● **Supplied data**
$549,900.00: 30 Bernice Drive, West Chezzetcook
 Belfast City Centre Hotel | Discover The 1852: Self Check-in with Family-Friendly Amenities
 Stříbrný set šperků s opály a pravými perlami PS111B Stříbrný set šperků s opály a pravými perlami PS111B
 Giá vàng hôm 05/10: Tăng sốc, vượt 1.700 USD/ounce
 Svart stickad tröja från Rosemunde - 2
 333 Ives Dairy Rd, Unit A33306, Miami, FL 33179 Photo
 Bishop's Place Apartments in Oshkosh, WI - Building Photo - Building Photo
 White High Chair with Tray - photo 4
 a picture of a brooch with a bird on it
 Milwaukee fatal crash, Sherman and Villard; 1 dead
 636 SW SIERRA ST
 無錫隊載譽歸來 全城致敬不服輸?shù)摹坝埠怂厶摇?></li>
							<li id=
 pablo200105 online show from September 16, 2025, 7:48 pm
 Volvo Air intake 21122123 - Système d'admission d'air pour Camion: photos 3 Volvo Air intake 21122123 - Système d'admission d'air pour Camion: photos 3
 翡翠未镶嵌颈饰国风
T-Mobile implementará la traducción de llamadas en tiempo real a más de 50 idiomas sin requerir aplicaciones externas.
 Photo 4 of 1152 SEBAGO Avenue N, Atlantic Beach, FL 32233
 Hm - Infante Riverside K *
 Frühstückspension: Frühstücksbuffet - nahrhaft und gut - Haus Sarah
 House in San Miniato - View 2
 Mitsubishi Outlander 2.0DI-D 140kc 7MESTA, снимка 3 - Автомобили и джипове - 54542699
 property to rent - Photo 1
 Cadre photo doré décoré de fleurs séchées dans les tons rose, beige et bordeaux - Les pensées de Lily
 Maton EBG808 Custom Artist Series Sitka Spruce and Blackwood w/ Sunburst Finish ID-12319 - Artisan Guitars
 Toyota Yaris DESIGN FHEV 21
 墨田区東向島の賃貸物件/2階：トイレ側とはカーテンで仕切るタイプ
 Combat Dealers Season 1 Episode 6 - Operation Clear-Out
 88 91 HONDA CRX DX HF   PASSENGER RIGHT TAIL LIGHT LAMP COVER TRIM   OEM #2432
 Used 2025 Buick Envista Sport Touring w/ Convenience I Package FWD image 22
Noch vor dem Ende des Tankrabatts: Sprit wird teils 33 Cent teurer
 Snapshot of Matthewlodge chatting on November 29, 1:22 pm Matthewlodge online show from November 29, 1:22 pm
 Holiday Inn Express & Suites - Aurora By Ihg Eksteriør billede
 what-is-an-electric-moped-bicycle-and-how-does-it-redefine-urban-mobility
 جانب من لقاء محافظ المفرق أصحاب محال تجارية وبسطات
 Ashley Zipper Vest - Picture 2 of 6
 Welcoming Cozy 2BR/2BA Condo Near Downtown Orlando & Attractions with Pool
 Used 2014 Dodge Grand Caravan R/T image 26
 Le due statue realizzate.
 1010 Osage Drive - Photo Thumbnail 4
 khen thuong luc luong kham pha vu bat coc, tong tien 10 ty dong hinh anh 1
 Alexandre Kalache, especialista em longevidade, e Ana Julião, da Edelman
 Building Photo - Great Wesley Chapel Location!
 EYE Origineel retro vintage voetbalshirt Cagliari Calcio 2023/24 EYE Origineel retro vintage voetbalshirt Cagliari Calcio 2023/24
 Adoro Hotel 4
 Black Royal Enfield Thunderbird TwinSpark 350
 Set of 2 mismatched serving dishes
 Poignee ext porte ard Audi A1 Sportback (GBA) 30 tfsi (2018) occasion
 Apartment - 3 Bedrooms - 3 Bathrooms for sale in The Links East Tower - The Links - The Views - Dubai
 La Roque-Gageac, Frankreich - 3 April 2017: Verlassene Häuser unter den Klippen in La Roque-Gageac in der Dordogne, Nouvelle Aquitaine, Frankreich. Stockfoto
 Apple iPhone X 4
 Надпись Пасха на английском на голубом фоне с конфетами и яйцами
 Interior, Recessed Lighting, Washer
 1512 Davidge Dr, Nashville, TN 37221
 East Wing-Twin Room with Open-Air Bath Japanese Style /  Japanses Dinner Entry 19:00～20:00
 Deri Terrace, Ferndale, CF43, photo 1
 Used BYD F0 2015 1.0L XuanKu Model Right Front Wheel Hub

● **What the exercise asks**
Print exactly the lines from the beginning of the entries through the line with "88 91 HONDA". Output nothing more.

● **Answer for the task**
$549,900.00: 30 Bernice Drive, West Chezzetcook
 Belfast City Centre Hotel | Discover The 1852: Self Check-in with Family-Friendly Amenities
 Stříbrný set šperků s opály a pravými perlami PS111B Stříbrný set šperků s opály a pravými perlami PS111B
 Giá vàng hôm 05/10: Tăng sốc, vượt 1.700 USD/ounce
 Svart stickad tröja från Rosemunde - 2
 333 Ives Dairy Rd, Unit A33306, Miami, FL 33179 Photo
 Bishop's Place Apartments in Oshkosh, WI - Building Photo - Building Photo
 White High Chair with Tray - photo 4
 a picture of a brooch with a bird on it
 Milwaukee fatal crash, Sherman and Villard; 1 dead
 636 SW SIERRA ST
 無錫隊載譽歸來 全城致敬不服輸?shù)摹坝埠怂厶摇?></li>
							<li id=
 pablo200105 online show from September 16, 2025, 7:48 pm
 Volvo Air intake 21122123 - Système d'admission d'air pour Camion: photos 3 Volvo Air intake 21122123 - Système d'admission d'air pour Camion: photos 3
 翡翠未镶嵌颈饰国风
T-Mobile implementará la traducción de llamadas en tiempo real a más de 50 idiomas sin requerir aplicaciones externas.
 Photo 4 of 1152 SEBAGO Avenue N, Atlantic Beach, FL 32233
 Hm - Infante Riverside K *
 Frühstückspension: Frühstücksbuffet - nahrhaft und gut - Haus Sarah
 House in San Miniato - View 2
 Mitsubishi Outlander 2.0DI-D 140kc 7MESTA, снимка 3 - Автомобили и джипове - 54542699
 property to rent - Photo 1
 Cadre photo doré décoré de fleurs séchées dans les tons rose, beige et bordeaux - Les pensées de Lily
 Maton EBG808 Custom Artist Series Sitka Spruce and Blackwood w/ Sunburst Finish ID-12319 - Artisan Guitars
 Toyota Yaris DESIGN FHEV 21
 墨田区東向島の賃貸物件/2階：トイレ側とはカーテンで仕切るタイプ
 Combat Dealers Season 1 Episode 6 - Operation Clear-Out
 88 91 HONDA CRX DX HF   PASSENGER RIGHT TAIL LIGHT LAMP COVER TRIM   OEM #2432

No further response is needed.